# Data Analysis and Visualization in Python
## Indexing, Slicing and Subsetting DataFrames in Python
Questions
* How can I access specific data within my data set?
* How can I manage undefined (null) values?
* How can I save a dataframe to a file?

Objectives
* Employ slicing to select sets of data from a DataFrame.
* Employ label and integer-based indexing to select ranges of data in a dataframe.
* Reassign values within subsets of a DataFrame.
* Create a copy of a DataFrame.
* Query/select a subset of data using a set of criteria using the following operators: `=`, `!=`, `>`, `<`, `>=`, `<=`.
* Manipulate data using boolean masks.
* Transform or remove null values.
* Write modified data to a CSV file.

## Loading our data

In [None]:
# First make sure pandas is loaded
import pandas as pd

# Read in the survey csv
surveys_df = pd.read_csv("data/surveys.csv")

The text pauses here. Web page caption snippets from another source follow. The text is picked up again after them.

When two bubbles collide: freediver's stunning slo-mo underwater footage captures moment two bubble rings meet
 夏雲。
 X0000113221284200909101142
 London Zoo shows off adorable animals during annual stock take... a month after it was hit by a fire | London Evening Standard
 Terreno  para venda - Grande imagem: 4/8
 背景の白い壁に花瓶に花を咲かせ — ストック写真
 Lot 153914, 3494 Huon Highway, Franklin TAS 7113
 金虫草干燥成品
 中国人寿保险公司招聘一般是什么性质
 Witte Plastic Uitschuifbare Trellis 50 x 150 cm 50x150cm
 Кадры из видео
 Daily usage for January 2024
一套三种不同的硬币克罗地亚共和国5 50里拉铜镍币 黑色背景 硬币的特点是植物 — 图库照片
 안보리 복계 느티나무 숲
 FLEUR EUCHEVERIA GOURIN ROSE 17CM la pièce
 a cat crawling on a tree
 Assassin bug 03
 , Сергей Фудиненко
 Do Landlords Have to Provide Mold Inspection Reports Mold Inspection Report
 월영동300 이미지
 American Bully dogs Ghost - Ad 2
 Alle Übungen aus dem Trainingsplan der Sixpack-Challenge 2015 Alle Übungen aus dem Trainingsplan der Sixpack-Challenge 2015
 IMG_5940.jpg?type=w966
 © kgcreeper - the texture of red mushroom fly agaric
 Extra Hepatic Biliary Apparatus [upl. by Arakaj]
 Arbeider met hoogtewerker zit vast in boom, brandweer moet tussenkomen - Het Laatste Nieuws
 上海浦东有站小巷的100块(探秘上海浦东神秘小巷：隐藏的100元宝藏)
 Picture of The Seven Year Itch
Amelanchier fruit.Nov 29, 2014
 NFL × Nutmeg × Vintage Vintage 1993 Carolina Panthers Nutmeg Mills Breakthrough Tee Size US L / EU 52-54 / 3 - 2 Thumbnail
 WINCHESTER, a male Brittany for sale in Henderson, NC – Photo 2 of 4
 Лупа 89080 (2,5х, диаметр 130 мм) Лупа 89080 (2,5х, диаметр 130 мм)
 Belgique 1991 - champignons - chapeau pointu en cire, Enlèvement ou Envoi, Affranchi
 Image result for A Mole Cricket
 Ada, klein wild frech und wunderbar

## Indexing & Slicing in Python
### Selecting Data Using Labels (Column Headings)

In [None]:
surveys_df###

In [None]:
surveys_### = surveys_df['species_id']
surveys_species.###

In [None]:
# Select two columns with a list of column names
surveys_df[ 'species_id', 'plot_id' ]

### Slicing Subsets of Rows and Columns in Python
We can select specific ranges of our data in both the row and column directions using `loc`: primarily label based indexing. Integers may be used but they are interpreted as a label

In [None]:
# What does this do?
# surveys_df.loc[0, ['species_id', 'plot_id', 'weight']]

In [None]:
# Select all columns for rows of index values 0 and 10
surveys_df.loc[###, ###]

In [None]:
# What happens when you type the code below?
# surveys_df.loc[[0, 10, 35549], :]

### Exercise - Range
What happens when you execute:

In [None]:
# surveys_df.loc[0:4, 1:4] # 'month':'plot_id'

## Subsetting Data Using Criteria

In [None]:
surveys_df['year'] ### ###

In [None]:
surveys_df[surveys_df['year'] ### ###]

In [None]:
surveys_df[(surveys_df['year'] >= 2001### ### (surveys_df['weight'] <= 8###]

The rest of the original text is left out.